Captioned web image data
• • •
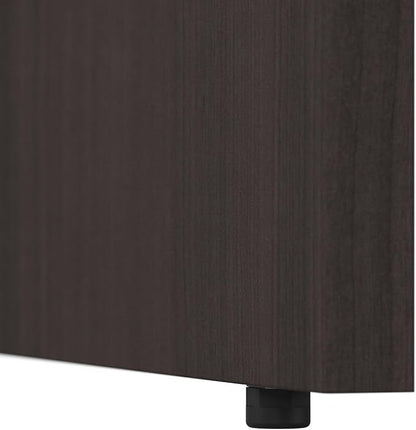 Bush Furniture BSHSCD272SG Studio C Storm Gray 72W x 30D Desk Shell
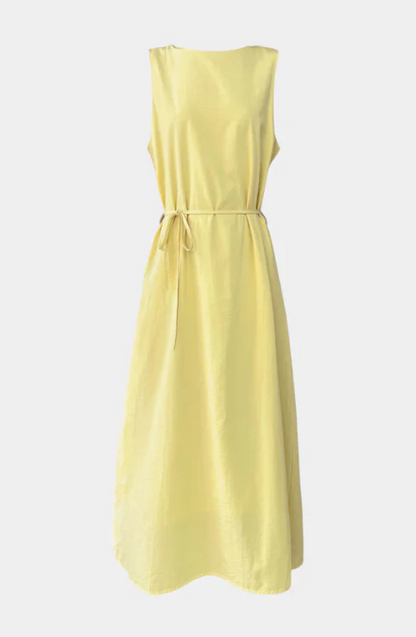 Vestido Suave sin Mangas con Lazo Ajustable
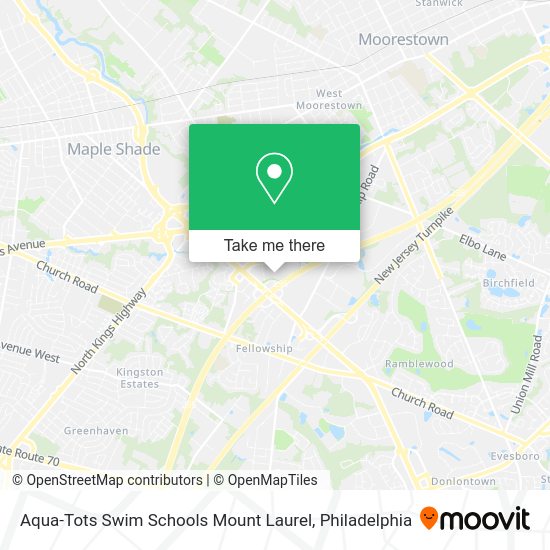 Aqua-Tots Swim Schools Mount Laurel map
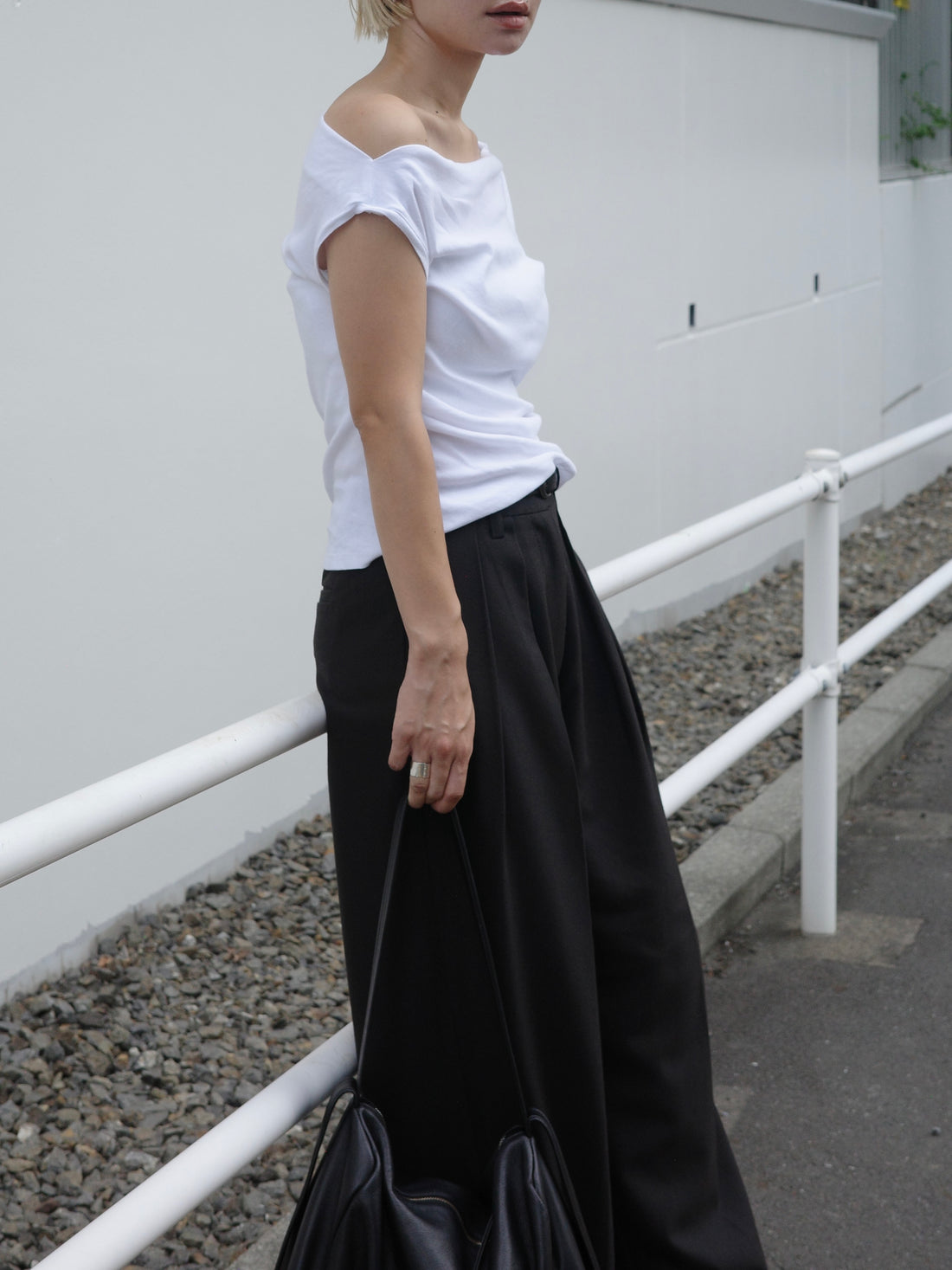 【PRE ORDER】One Shoulder Drape Tops（8月下旬〜9月上旬発注予定）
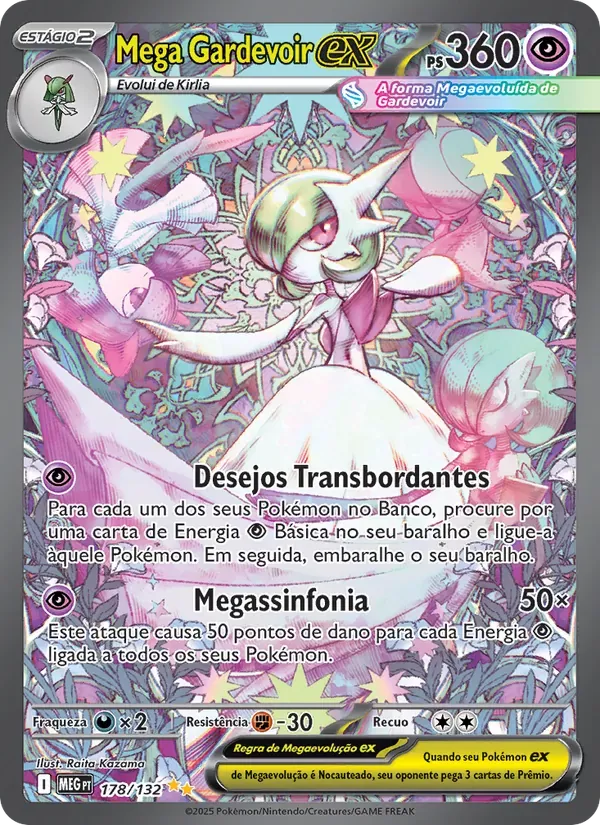 Mega Gardevoir ex 178/132 Megaevolução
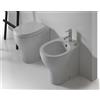 CERAMICA GALASSIA Sanitari Eden filomuro 53x36 con sedile avvolgente softclose - Cod. Articolo: 7213+7214+7220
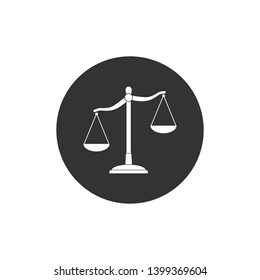 Balance scale icon. Vector illustration, flat design.
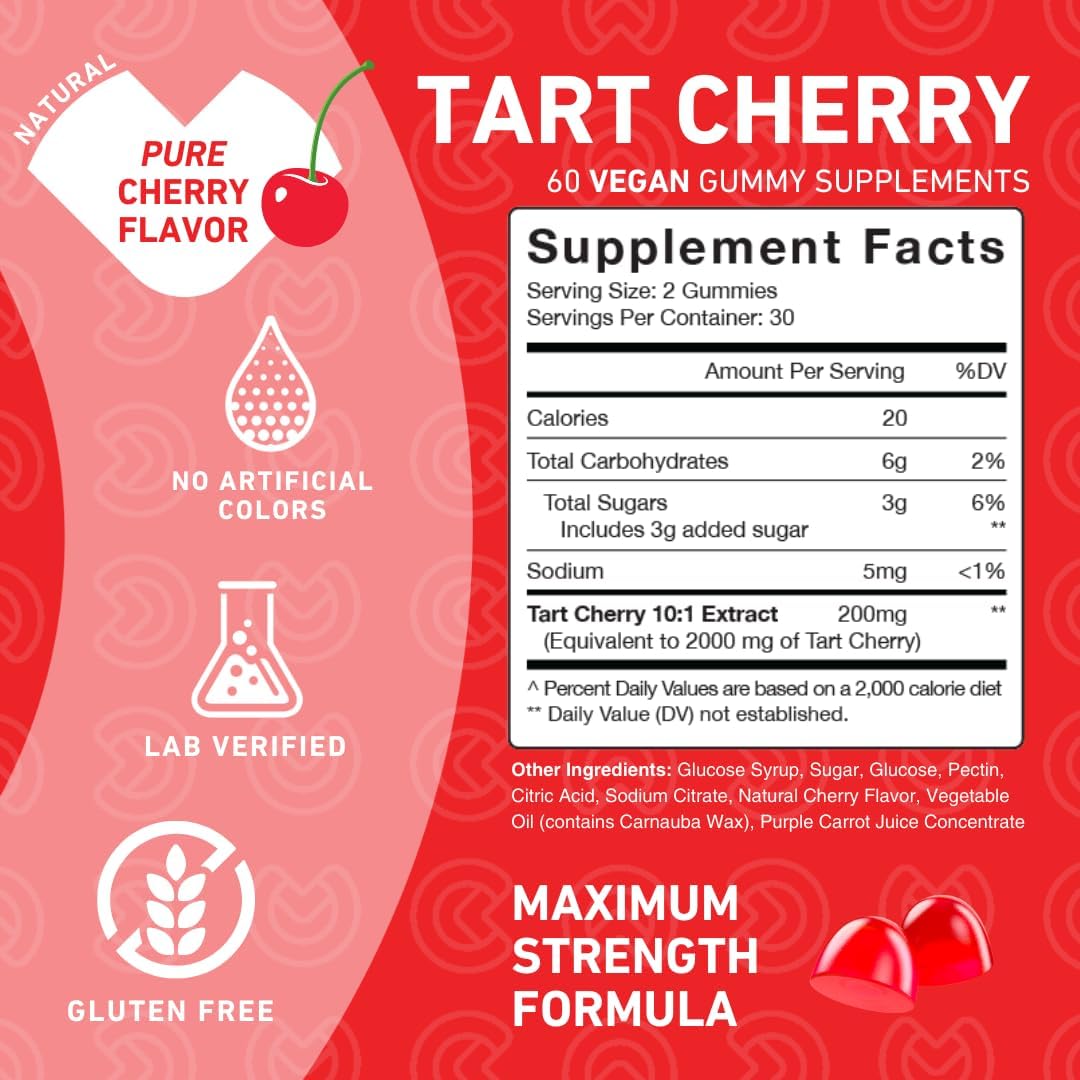 PUREFINITY Tart Cherry Gummies 60 Gomitas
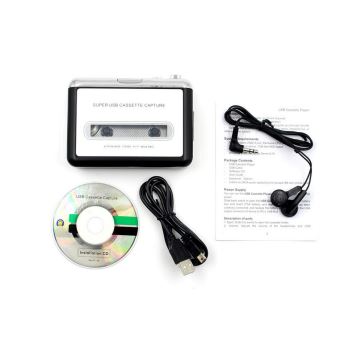 Lecteur De Cassette USB, Convertisseur De CD MP3 Lecteur De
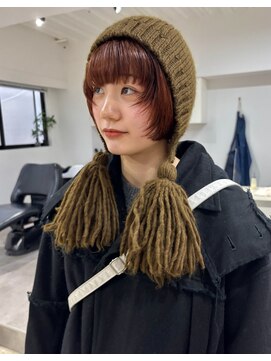 ボブとオレンジブラウン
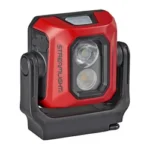 Streamlight Syclone Dual LED Mag Base, red and black front view with two stacked LEDs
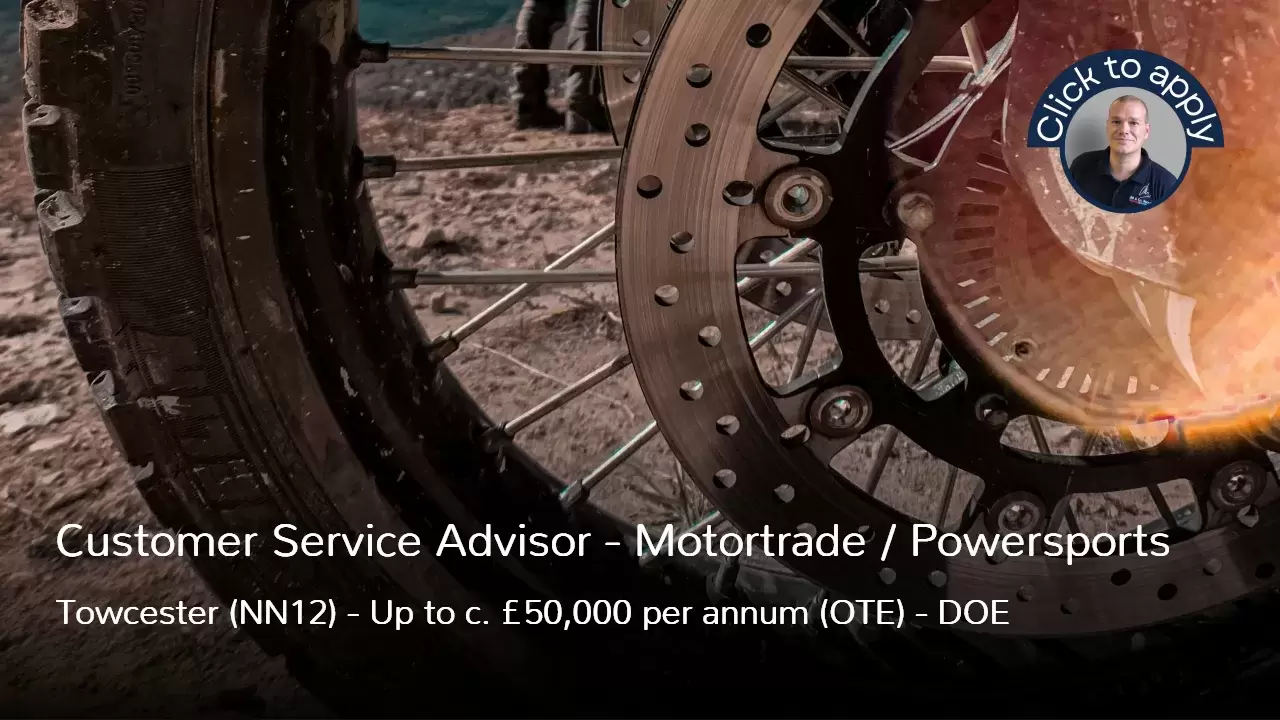 Customer Service Advisor - Motortrade / Powersports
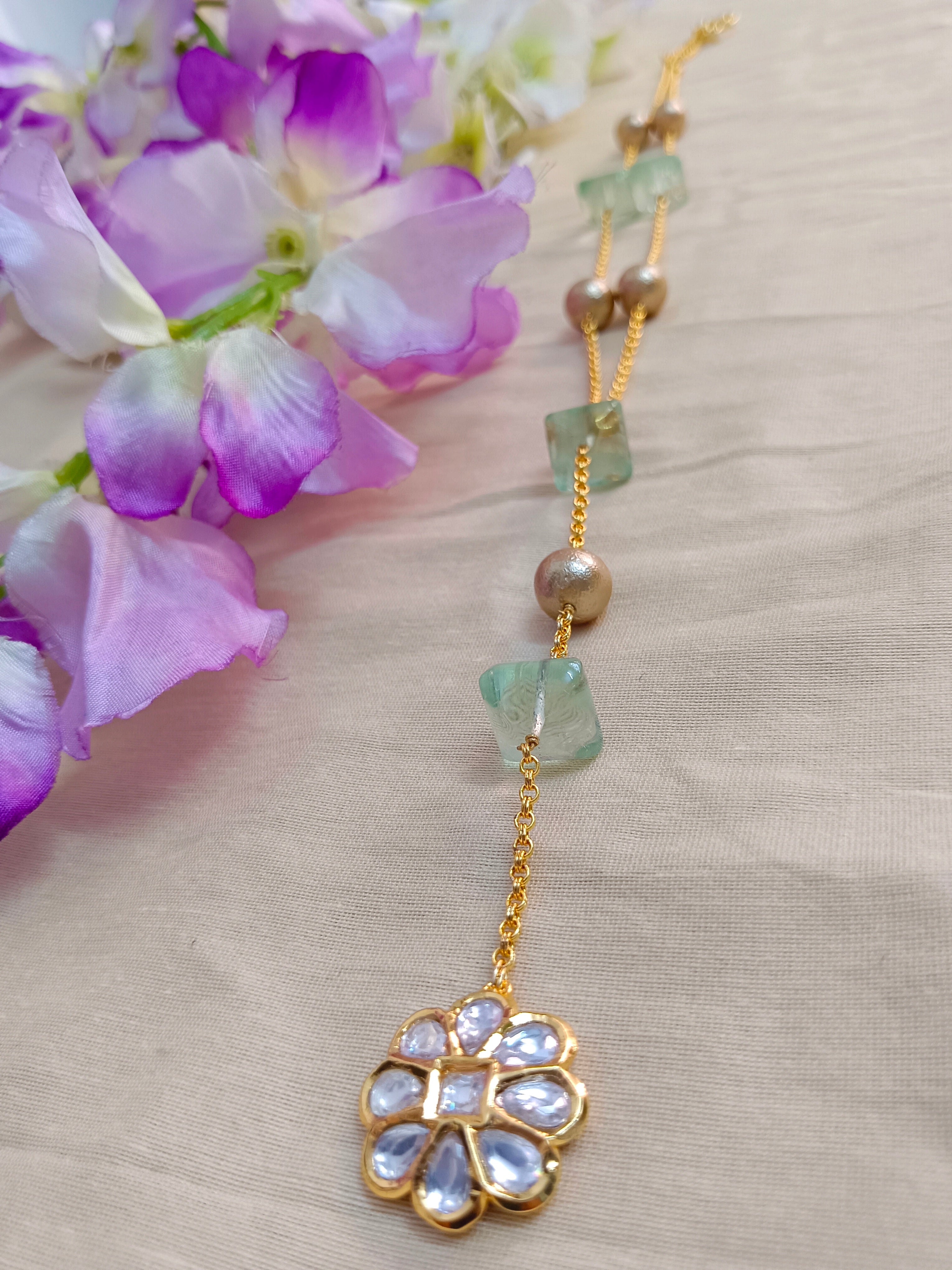 Fluorite Pearl Neckpiece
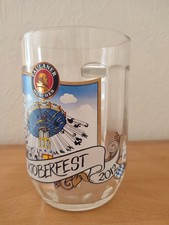 Bierkrug, Paulaner Oktoberfest München 2012, Krug aus Glas - Bierseidel, 0,5 l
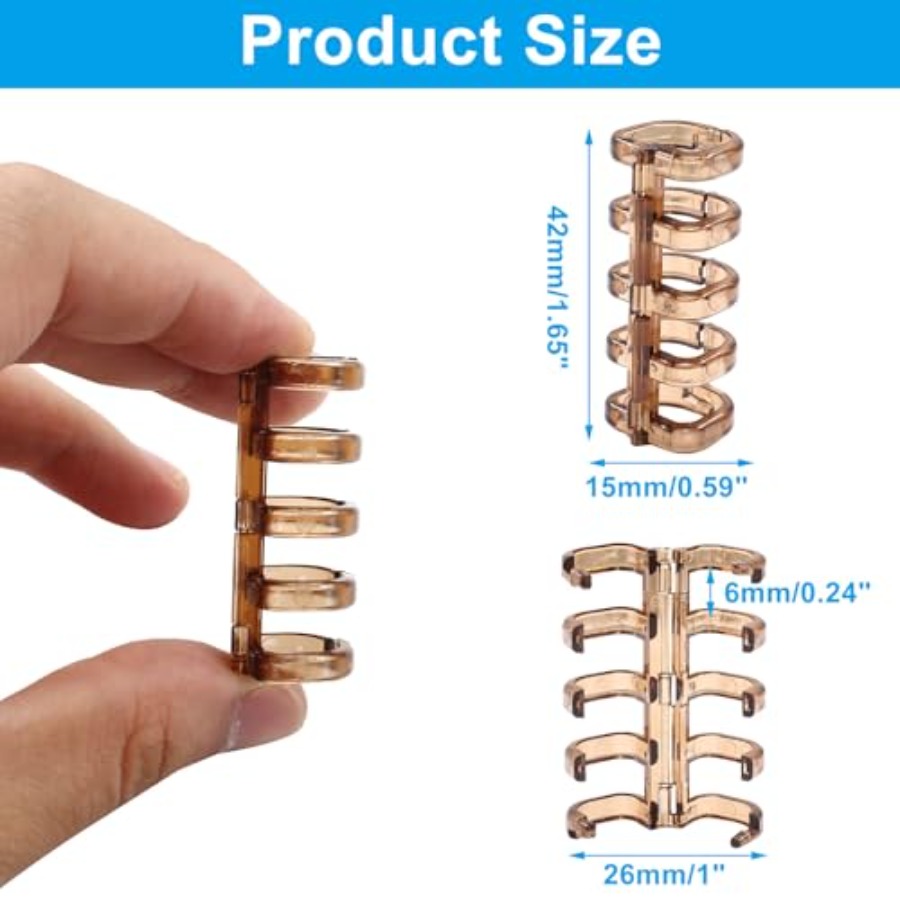 Pcs 5 Ring Loose Leaf Binders  - Binding Comb Plastic incelemesi ve fiyatı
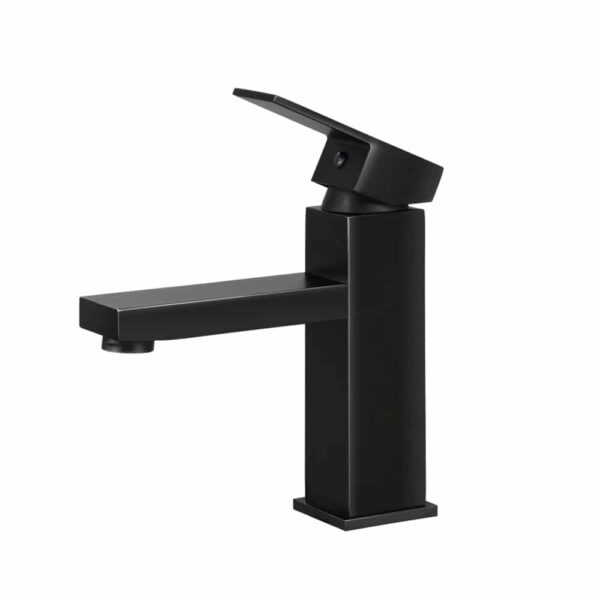 Cefito Basin Mixer Tap Faucet Bathroom Vanity Counter Top WELS Standard Brass Black - Image 3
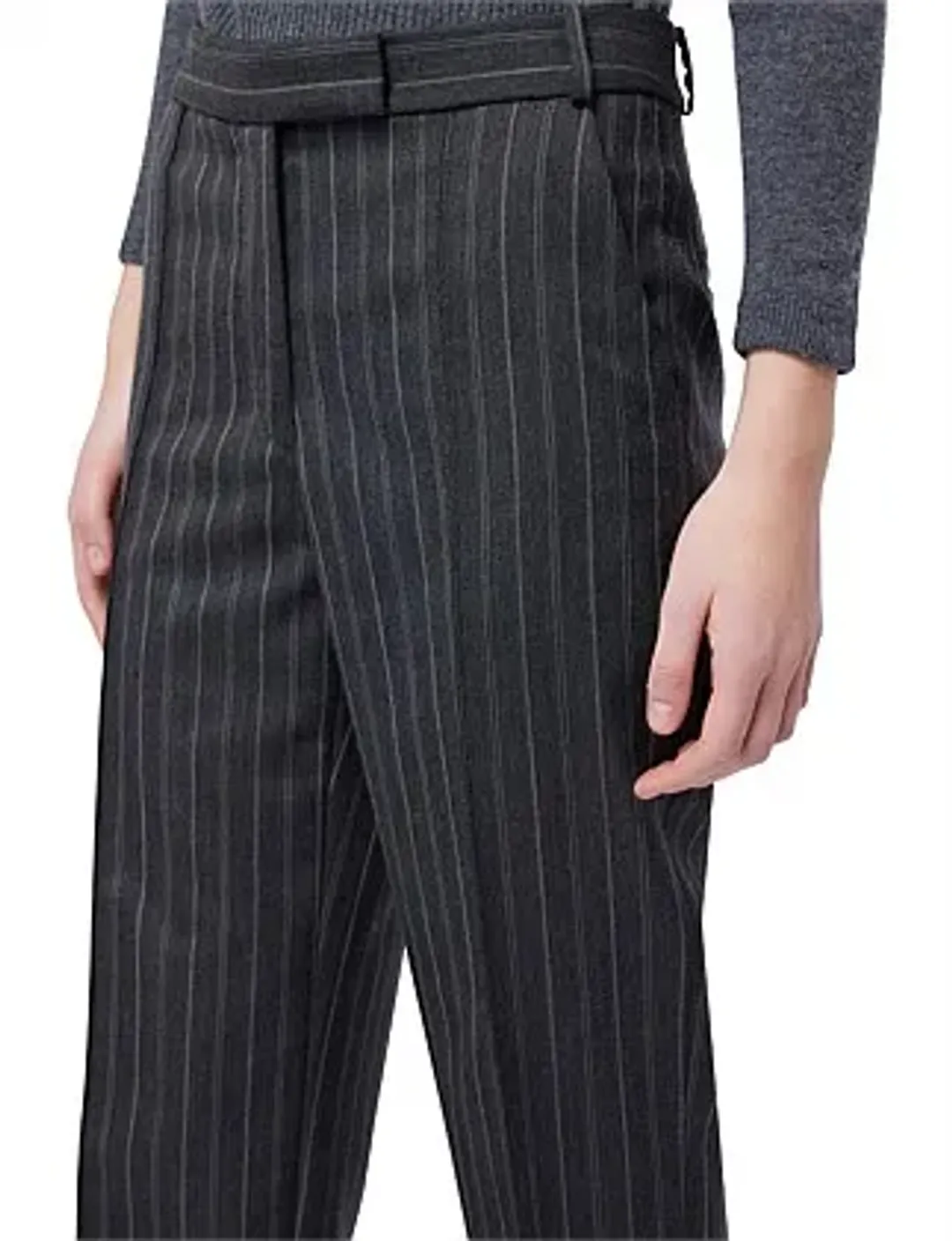 Simkhai Vera Straight Leg Crop Pant Black Size US  2 / Au 6 for rent on The Volte - main image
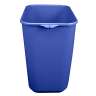 Impact, Soft-Sided Recycling Bin, 10.25 gal, Polyethylene, Blue, Rectangle, Receptacle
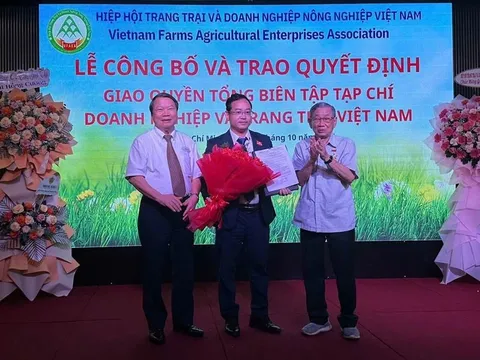 Ông Bùi Hồng Cường được bổ nhiệm Quyền Tổng Biên tập Tạp chí Doanh nghiệp và Trang trại Việt Nam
• • •
**Task directions**
Every record must be set down again exactly; pictures do not belong in the copy.

**Response**
 Bush Furniture BSHSCD272SG Studio C Storm Gray 72W x 30D Desk Shell
 Vestido Suave sin Mangas con Lazo Ajustable
 Aqua-Tots Swim Schools Mount Laurel map
 【PRE ORDER】One Shoulder Drape Tops（8月下旬〜9月上旬発注予定）
 Mega Gardevoir ex 178/132 Megaevolução
 CERAMICA GALASSIA Sanitari Eden filomuro 53x36 con sedile avvolgente softclose - Cod. Articolo: 7213+7214+7220
 Balance scale icon. Vector illustration, flat design.
 PUREFINITY Tart Cherry Gummies 60 Gomitas
 Lecteur De Cassette USB, Convertisseur De CD MP3 Lecteur De
 ボブとオレンジブラウン
 Streamlight Syclone Dual LED Mag Base, red and black front view with two stacked LEDs
 Customer Service Advisor - Motortrade / Powersports
 Fluorite Pearl Neckpiece
 Bierkrug, Paulaner Oktoberfest München 2012, Krug aus Glas - Bierseidel, 0,5 l
 Pcs 5 Ring Loose Leaf Binders  - Binding Comb Plastic incelemesi ve fiyatı
 Cefito Basin Mixer Tap Faucet Bathroom Vanity Counter Top WELS Standard Brass Black - Image 3
 Simkhai Vera Straight Leg Crop Pant Black Size US  2 / Au 6 for rent on The Volte - main image
 Impact, Soft-Sided Recycling Bin, 10.25 gal, Polyethylene, Blue, Rectangle, Receptacle
 Ông Bùi Hồng Cường được bổ nhiệm Quyền Tổng Biên tập Tạp chí Doanh nghiệp và Trang trại Việt Nam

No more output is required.